(Record extracts begins)

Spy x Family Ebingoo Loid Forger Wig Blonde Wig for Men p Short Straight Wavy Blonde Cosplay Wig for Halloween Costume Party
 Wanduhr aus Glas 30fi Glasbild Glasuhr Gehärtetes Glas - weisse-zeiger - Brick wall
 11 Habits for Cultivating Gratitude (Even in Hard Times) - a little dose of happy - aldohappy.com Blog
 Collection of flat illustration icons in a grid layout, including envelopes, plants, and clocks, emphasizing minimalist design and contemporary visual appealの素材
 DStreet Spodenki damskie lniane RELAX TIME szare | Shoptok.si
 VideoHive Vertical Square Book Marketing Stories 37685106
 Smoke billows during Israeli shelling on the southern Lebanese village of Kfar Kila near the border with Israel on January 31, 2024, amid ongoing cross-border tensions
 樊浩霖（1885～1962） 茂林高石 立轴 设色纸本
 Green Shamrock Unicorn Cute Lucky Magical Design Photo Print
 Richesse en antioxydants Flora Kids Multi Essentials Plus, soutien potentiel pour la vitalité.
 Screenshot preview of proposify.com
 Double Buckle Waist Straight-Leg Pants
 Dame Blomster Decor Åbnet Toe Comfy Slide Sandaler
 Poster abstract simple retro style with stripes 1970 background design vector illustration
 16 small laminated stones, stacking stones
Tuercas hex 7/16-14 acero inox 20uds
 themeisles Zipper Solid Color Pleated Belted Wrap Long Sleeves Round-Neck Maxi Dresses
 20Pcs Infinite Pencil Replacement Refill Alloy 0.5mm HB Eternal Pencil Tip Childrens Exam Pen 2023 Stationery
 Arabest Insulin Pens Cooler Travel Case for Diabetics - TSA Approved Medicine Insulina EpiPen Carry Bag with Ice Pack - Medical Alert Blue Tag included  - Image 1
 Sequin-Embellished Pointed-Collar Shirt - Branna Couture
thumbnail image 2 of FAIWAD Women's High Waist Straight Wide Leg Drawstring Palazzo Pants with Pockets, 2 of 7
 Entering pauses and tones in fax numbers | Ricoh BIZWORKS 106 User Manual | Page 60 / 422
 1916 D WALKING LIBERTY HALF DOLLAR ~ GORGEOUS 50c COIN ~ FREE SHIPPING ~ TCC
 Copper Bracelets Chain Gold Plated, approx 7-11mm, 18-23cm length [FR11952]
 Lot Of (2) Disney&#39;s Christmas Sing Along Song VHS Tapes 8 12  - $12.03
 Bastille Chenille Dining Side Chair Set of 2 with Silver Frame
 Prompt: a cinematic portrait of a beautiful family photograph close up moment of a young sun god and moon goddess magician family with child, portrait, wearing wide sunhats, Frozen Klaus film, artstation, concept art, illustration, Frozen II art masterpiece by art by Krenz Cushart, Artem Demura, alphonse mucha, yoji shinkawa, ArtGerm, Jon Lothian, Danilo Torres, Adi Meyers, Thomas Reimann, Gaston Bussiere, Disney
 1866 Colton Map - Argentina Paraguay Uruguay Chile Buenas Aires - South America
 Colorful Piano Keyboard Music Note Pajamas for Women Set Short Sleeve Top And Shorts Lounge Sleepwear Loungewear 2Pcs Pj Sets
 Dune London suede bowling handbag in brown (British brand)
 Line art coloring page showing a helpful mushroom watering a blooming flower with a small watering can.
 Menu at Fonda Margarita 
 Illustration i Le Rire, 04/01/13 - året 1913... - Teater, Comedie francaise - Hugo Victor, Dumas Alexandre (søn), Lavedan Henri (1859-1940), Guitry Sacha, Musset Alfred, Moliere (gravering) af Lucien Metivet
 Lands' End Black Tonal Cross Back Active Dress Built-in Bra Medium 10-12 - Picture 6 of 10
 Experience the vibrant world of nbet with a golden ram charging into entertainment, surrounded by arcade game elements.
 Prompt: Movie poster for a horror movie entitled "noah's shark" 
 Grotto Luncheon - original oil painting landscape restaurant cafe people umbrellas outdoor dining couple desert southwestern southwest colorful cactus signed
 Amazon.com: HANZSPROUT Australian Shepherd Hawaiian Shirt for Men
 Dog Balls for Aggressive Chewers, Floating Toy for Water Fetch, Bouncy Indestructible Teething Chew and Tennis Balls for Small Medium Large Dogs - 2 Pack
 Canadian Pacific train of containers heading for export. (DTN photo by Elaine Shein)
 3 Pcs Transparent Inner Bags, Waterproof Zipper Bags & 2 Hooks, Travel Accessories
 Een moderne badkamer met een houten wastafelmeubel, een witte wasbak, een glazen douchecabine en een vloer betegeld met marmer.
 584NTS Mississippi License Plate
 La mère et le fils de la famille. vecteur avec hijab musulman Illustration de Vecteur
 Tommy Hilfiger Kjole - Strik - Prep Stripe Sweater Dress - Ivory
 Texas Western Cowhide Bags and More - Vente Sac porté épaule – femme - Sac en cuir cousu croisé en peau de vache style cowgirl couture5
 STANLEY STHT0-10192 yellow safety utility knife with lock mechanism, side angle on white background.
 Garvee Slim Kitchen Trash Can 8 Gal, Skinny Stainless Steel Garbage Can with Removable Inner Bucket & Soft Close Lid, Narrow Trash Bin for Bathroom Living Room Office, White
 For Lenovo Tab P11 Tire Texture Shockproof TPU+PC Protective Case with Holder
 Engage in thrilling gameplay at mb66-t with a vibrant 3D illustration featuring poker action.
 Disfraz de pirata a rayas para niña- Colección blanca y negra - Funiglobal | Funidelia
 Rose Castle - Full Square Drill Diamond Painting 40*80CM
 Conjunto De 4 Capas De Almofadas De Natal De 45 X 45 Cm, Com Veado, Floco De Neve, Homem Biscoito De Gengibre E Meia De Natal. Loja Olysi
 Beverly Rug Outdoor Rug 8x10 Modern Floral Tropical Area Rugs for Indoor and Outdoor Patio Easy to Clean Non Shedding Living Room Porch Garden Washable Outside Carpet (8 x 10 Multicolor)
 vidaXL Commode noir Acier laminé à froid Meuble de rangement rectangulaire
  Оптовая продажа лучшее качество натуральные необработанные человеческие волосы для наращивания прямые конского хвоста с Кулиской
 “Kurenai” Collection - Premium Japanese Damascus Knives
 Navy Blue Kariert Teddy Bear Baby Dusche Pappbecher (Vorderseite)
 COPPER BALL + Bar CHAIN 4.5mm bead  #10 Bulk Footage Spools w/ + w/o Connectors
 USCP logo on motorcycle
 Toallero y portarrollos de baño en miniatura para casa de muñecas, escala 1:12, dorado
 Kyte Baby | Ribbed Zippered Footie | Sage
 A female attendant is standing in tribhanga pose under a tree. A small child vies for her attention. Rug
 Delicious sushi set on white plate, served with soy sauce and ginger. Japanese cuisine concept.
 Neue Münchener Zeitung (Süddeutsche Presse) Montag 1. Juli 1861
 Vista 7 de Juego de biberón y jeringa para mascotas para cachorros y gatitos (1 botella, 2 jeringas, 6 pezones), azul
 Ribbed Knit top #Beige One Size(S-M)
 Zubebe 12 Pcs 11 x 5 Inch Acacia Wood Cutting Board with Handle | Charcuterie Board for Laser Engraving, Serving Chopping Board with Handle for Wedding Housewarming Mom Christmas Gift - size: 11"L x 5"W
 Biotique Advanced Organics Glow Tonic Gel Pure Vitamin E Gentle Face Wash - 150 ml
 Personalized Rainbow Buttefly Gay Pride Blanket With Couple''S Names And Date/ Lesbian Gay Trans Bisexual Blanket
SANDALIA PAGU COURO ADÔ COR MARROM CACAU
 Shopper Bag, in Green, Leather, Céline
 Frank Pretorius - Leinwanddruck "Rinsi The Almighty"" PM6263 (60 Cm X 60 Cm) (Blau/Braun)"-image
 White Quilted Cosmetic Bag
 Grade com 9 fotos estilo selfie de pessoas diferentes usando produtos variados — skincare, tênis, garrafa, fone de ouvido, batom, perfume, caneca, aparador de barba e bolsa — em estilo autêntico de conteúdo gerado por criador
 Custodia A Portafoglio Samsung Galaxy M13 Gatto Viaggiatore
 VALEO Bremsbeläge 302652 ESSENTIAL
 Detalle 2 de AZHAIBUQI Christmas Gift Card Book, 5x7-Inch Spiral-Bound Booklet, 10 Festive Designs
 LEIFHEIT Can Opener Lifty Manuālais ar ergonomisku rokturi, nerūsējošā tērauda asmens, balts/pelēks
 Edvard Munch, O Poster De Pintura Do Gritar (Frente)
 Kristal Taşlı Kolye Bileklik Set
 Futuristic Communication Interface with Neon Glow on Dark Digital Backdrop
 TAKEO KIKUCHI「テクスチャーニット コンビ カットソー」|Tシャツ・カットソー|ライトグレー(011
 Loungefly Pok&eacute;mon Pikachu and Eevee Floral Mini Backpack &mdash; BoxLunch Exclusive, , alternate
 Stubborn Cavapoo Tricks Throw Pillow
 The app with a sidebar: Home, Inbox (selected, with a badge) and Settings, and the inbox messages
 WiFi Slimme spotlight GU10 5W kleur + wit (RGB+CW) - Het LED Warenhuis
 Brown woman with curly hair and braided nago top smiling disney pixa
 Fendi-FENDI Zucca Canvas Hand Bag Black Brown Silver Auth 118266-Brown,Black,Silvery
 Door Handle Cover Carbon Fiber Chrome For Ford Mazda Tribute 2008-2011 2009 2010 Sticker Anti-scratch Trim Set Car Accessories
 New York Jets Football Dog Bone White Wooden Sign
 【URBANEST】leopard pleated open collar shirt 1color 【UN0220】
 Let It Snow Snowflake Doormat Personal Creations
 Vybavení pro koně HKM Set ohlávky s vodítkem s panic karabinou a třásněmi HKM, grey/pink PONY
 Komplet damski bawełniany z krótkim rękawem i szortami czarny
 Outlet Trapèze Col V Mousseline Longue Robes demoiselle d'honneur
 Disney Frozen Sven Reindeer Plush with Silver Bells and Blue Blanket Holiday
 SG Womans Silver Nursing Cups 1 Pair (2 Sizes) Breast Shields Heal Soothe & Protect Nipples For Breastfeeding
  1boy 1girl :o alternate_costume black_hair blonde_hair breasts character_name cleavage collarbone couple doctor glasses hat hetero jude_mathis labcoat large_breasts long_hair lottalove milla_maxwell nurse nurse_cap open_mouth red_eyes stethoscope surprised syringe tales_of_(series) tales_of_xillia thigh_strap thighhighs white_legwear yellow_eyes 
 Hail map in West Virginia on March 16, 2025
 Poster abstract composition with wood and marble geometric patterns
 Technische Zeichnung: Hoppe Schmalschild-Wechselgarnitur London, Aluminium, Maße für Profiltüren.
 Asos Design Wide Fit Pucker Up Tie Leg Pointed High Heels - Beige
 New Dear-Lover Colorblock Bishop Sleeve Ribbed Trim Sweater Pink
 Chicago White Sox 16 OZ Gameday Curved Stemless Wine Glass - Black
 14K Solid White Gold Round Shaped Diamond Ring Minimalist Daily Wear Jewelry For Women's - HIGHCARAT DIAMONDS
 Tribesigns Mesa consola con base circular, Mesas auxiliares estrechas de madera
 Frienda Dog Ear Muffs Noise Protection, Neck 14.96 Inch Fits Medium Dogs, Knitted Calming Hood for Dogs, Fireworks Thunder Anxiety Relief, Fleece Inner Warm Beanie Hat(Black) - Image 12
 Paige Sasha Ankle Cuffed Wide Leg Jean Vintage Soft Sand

(Record extracts ends)

What to do | A verbatim transcription is needed of the lines above, starting at the line with "584NTS Mississippi License Plate" and ending at the line with "Tommy Hilfiger Kjole", both included, and of nothing else.

Written reply |
 584NTS Mississippi License Plate
 La mère et le fils de la famille. vecteur avec hijab musulman Illustration de Vecteur
 Tommy Hilfiger Kjole - Strik - Prep Stripe Sweater Dress - Ivory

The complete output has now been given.